RD tourism to lose US$2.5 billion in foreign exchange this year for Covid-19

The collapse of the world economy due to the COVID-19 pandemic will cause the Dominican state to stop receiving US$2.5 billion in foreign exchange for tourism

As David Collado, Minister of Tourism, explained, who also said that in July, only 54,000 tourists arrived, a far from those who arrived in the same month of 2019, when 420 thousand vacationers visited the country.

He reported that the hotel occupancy in the country is at 5%.»

«Last July to our country came 54 thousand tourists, compared to July of the year 2019 where more than four hundred come thousand (420,000) tourists, we will reach a clear and precise number, that the hotel occupancy in the country is 5%,» he said.

To return hegemony to the sector, which according to Collado, represents 15% of gross domestic product (GDP), the Government has launched the Plan for Responsible Recovery of Tourism, an activity carried out in the National Palace with the presence of the President of the Republic, Luis Abinader.
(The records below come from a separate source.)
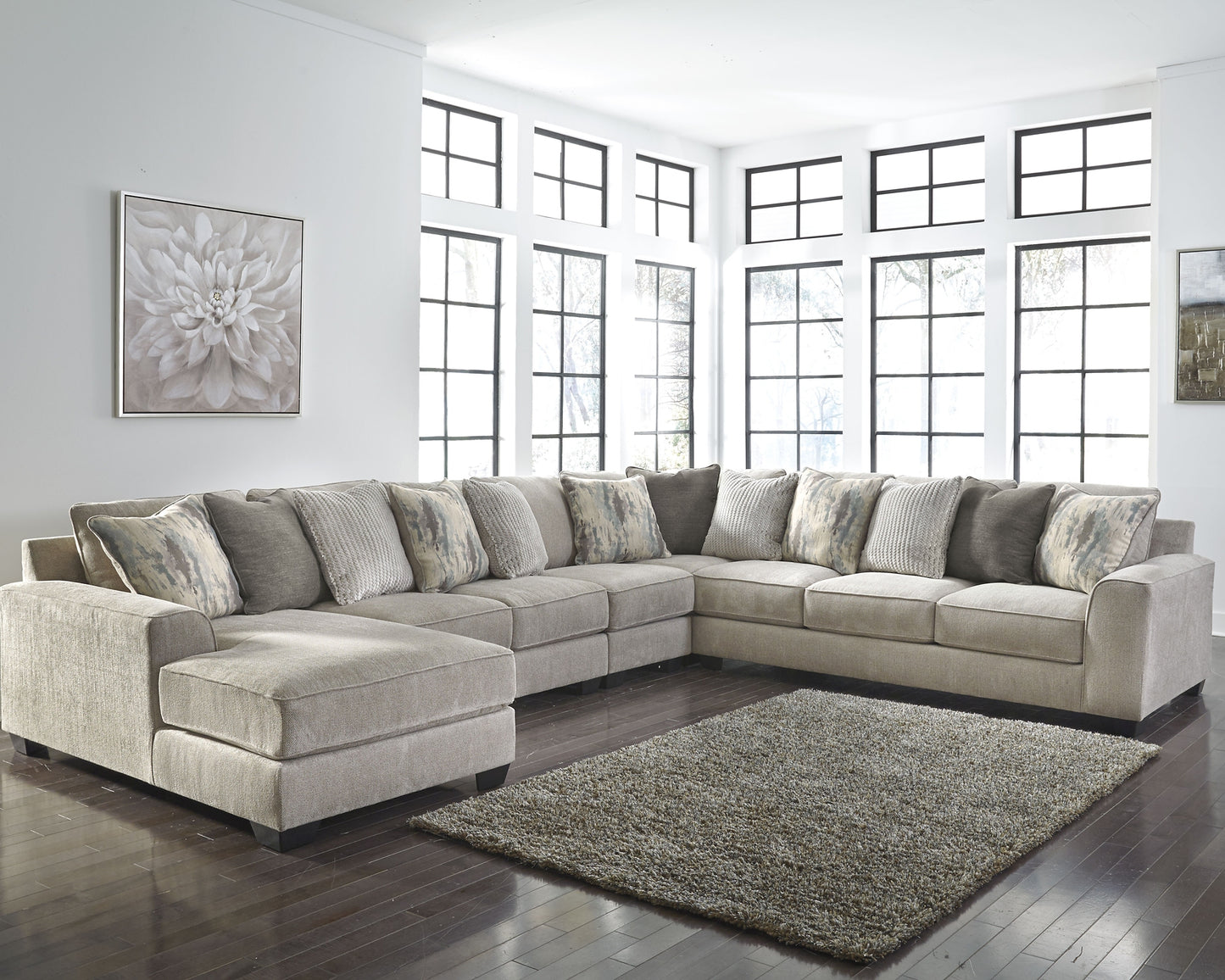 Seccional Ardsley de 5 piezas con chaise longue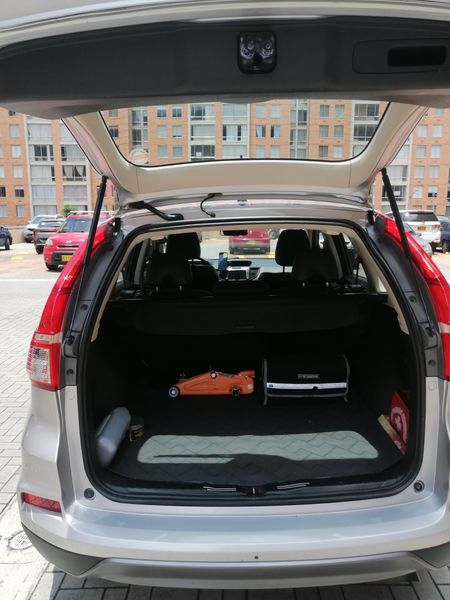 HONDA CR-V LXC 2.4 2016 - imagen secundaria 2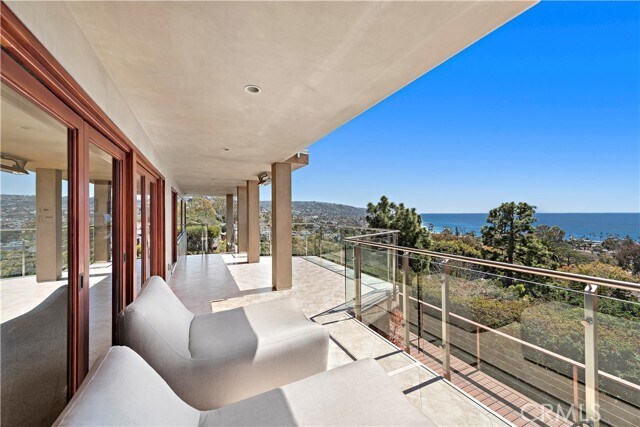 Foto del edificio - 612 Allview Terrace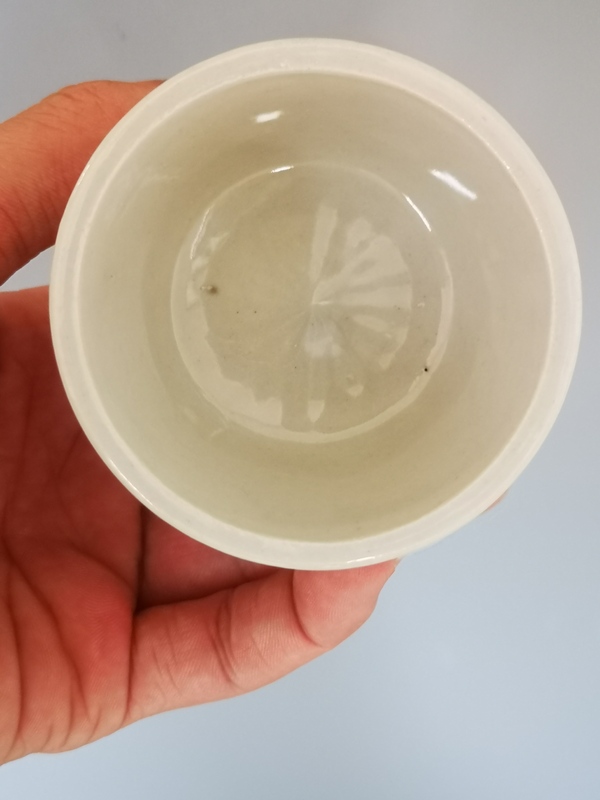 古玩陶瓷清代.白釉唇口杯(喝茶飲酒利器)拍賣,當(dāng)前價格980元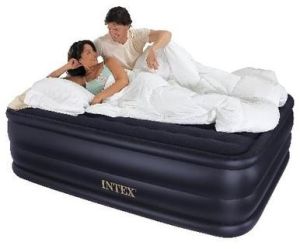 INTEX QUEEN SIZE AIR BED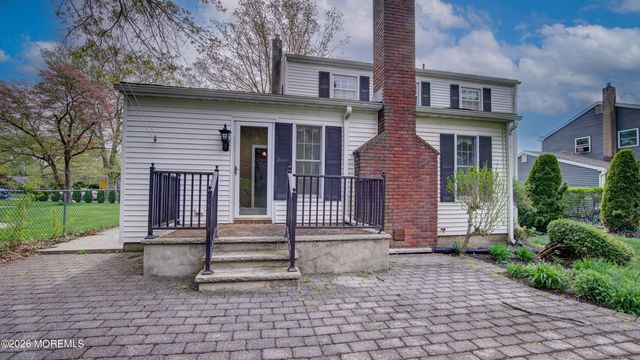 8 Brentwood Avenue, Freehold, NJ 07728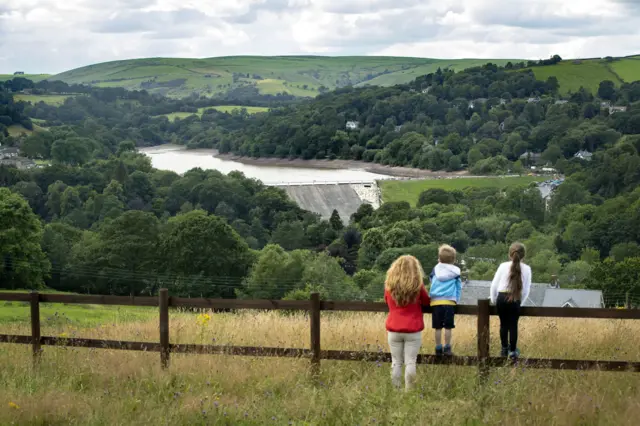 children overlook reservoir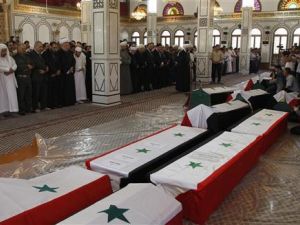 صلاة الجنازة على ضحايا تفجيري دمشق في مسجد العثمان بالعاصمة السورية
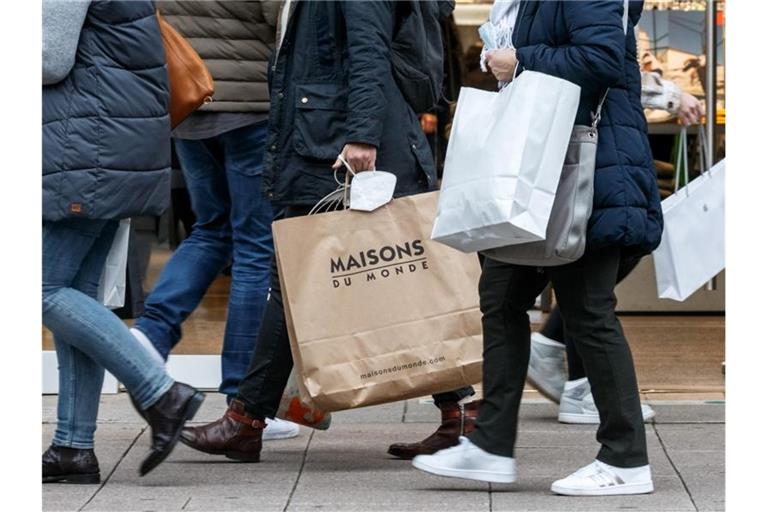 Passanten mit Einkaufstaschen in der Hamburger Innenstadt. Foto: Markus Scholz/dpa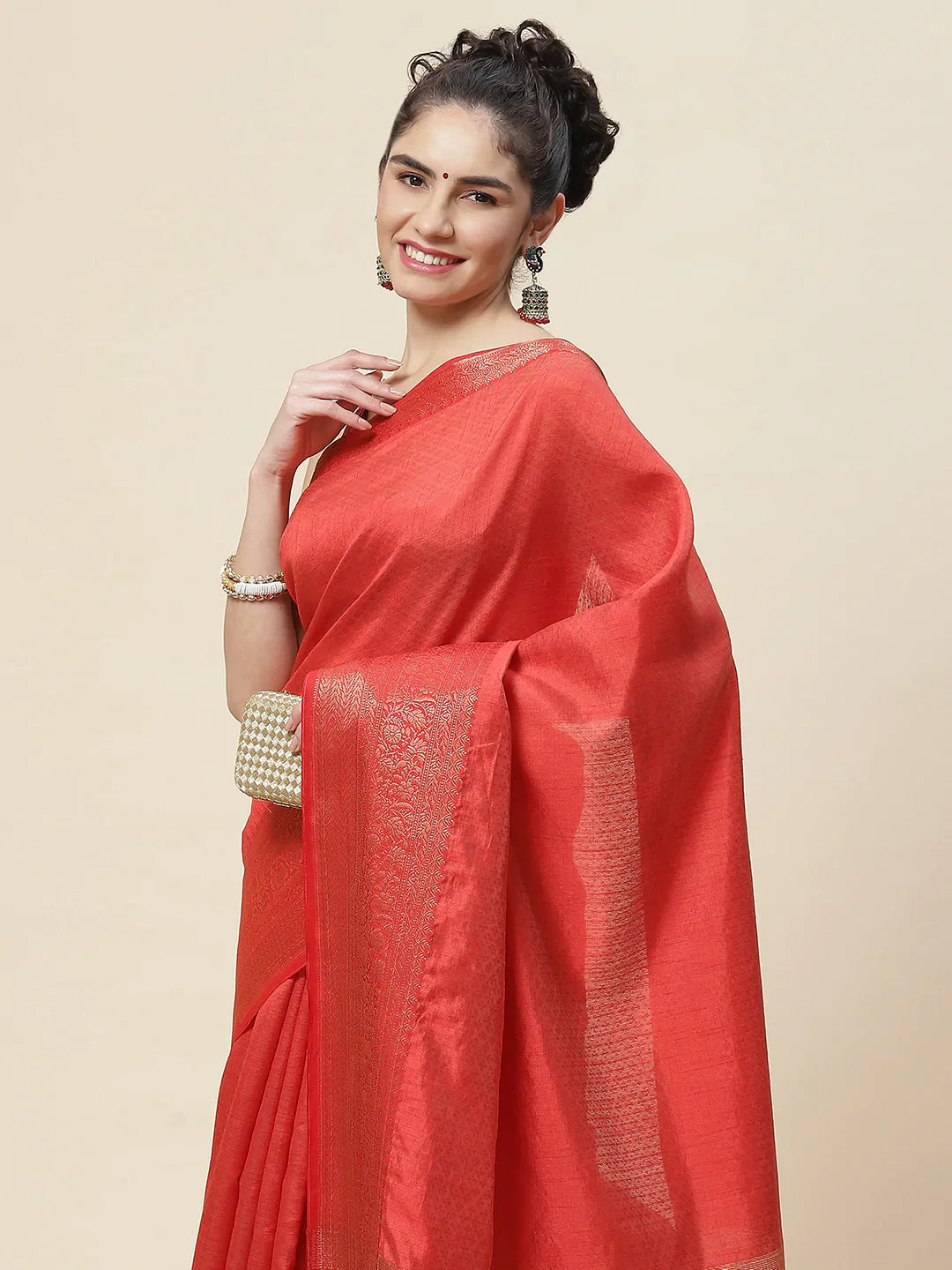 Zari Border Booti Handloom Woven Saree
The decline in the sector has resulted in the loss of some 150 thousand direct and about 300 thousand indirect jobs, according to the estimates of Jacqueline Mora, technical deputy minister of the Ministry of Tourism (Mitur).

It is recalled that before taking over as Minister of Tourism, Collado said he met with emissary groups of the tourist to the country to inform them that their investment is «extremely important».